§ PROBLEM TO SOLVE: Give the lines again exactly as they appear below, from the line with "In this method, you" to the line with "Let's look at", both included, and only those lines. Leave every picture out.

§ THE DATA:
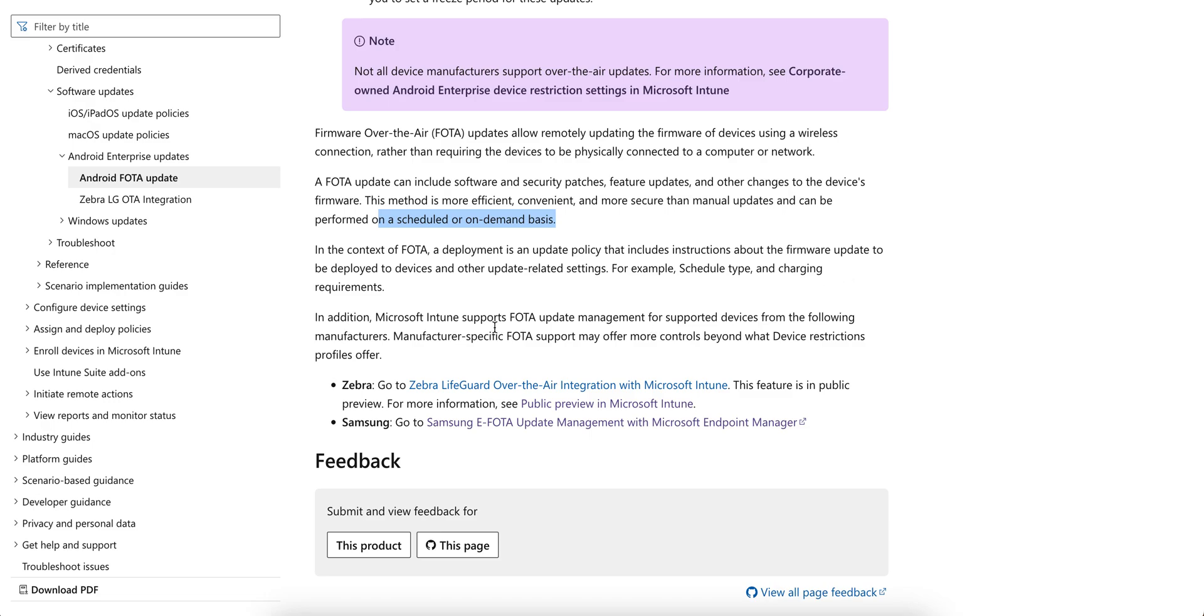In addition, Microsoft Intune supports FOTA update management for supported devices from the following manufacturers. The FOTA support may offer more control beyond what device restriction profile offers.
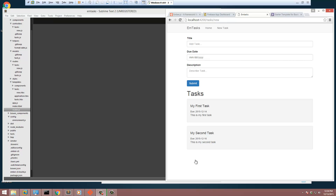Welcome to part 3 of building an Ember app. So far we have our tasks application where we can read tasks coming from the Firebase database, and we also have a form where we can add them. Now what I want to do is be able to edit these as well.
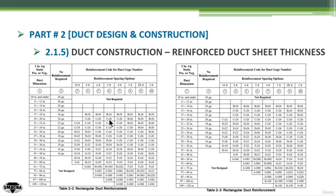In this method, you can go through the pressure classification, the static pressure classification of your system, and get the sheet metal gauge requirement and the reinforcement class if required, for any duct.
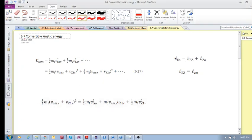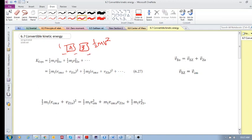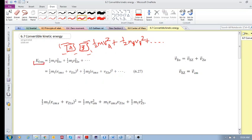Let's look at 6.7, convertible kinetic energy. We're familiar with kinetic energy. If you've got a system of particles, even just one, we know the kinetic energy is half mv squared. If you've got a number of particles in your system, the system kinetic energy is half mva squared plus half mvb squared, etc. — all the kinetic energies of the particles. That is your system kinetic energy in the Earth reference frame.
==
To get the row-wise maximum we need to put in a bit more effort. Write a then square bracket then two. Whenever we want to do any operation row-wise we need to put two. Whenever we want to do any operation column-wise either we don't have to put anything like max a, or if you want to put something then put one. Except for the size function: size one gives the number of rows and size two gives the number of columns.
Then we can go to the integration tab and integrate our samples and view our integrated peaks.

§ EXERCISE ANSWER:
In this method, you can go through the pressure classification, the static pressure classification of your system, and get the sheet metal gauge requirement and the reinforcement class if required, for any duct.
Let's look at 6.7, convertible kinetic energy. We're familiar with kinetic energy. If you've got a system of particles, even just one, we know the kinetic energy is half mv squared. If you've got a number of particles in your system, the system kinetic energy is half mva squared plus half mvb squared, etc. — all the kinetic energies of the particles. That is your system kinetic energy in the Earth reference frame.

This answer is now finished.